The following code, on my system, shows the effect of the undefined behavior.

#include <deque>
#include <iostream>

int main()
{
    std::deque<int> v1 = { 1, 2, 3, 4, 5, 6, 7, 8, 9, 10 };
    for (auto e : v1) std::cout << e << ' ';
    std::cout << std::endl;
    int& a = v1[1];
    int& b = v1[2];
    int& c = v1[3];
    std::cout << a << ' ' << b << ' ' << c << std::endl;
    std::deque<int>::iterator it = v1.insert(v1.begin() + 2, -1);
    for (auto e : v1) std::cout << e << ' ';
    std::cout << std::endl;
    v1[7] = -3;
    std::cout << a << ' ' << b << ' ' << c << std::endl;
    return a;
}

Its output for me is:

1 2 3 4 5 6 7 8 9 10 
2 3 4
1 2 -1 3 4 5 6 7 8 9 10 
-1 3 4

If the references a, b, and c, were still valid, the last line should have been

2 3 4

Please, do not deduce from this that a has been invalidated while b and c are still valid. They're all invalid.

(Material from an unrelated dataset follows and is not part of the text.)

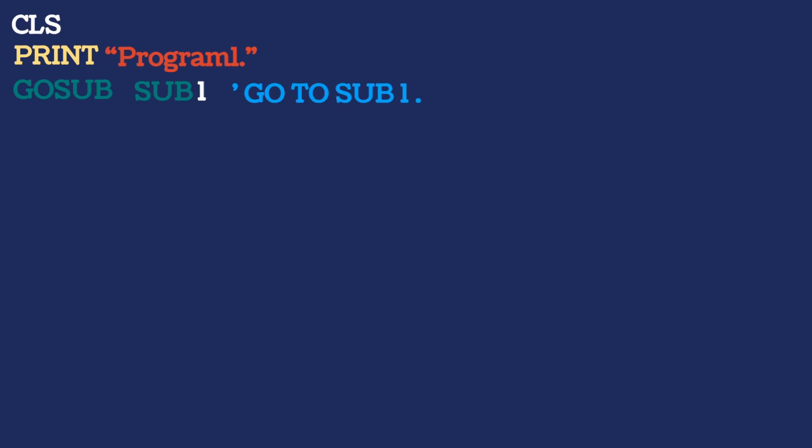One more example to go. Let's print program 1 in inverted commas. So program 1 will be printed automatically. Go sub sub 1. We have our apostrophe there.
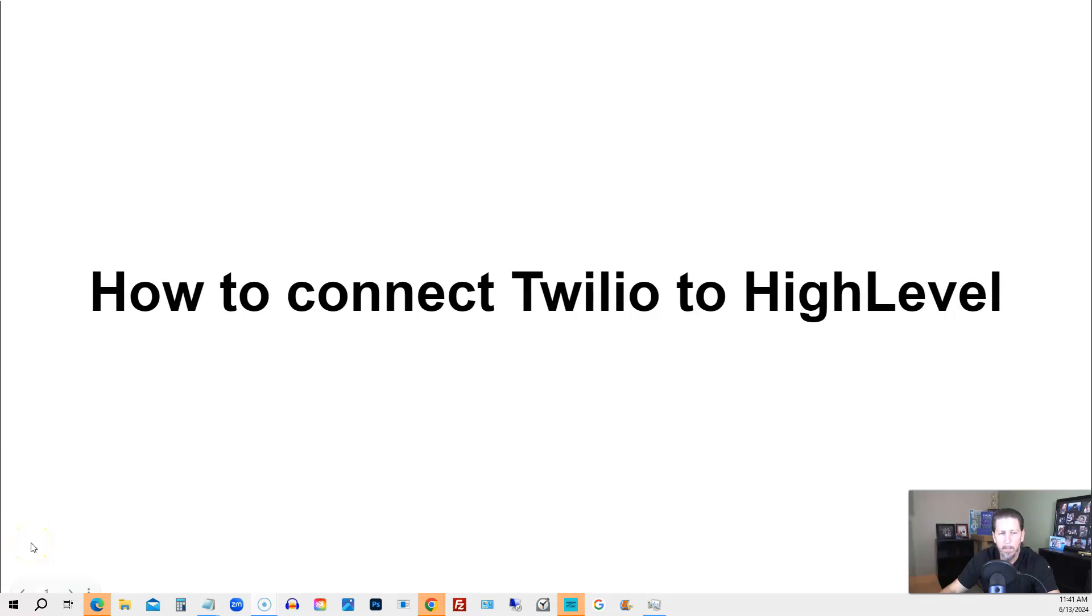In this video, I'm going to answer the question, how to connect Twilio to high level.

Try it out, maybe you are "lucky" and it shows the same to you. If it doesn't, play around with the number of elements in the containar and a few insertions. At some point maybe you'll see something strange as in my case.

Addendum

The ways std::deques can be implemented all makes the invalidation mechanism a bit more complex than what happens for the "simpler" std::vector. And you also have less ways to check if something is actually going to suffer from the effect of undefined behavior. With std::vector, for instance, you can tell if undefined behavior will sting you upon a push_back; indeed, you have the member function capacity, which tells if the container has already enough space to accomodate a bigger size required by the insertion of further elements by means of push_back. For instance if size gives 8, and capacity gives 10, you can push_back two more elements "safely". If you push one more, the array will have to be reallocated.

Answer 2

Sometimes, an operation that could invalidate something, doesn't.

I'm not familiar enough with std::deque implementation to comment, but if you did push_back on a std::vector, for example, you might get all your iterators, references and pointers to elements of the vector invalidated, for example, because std::vector needed to allocate more memory to accomodate the new element, and ended up moving all the data to a new location, where that memory was available.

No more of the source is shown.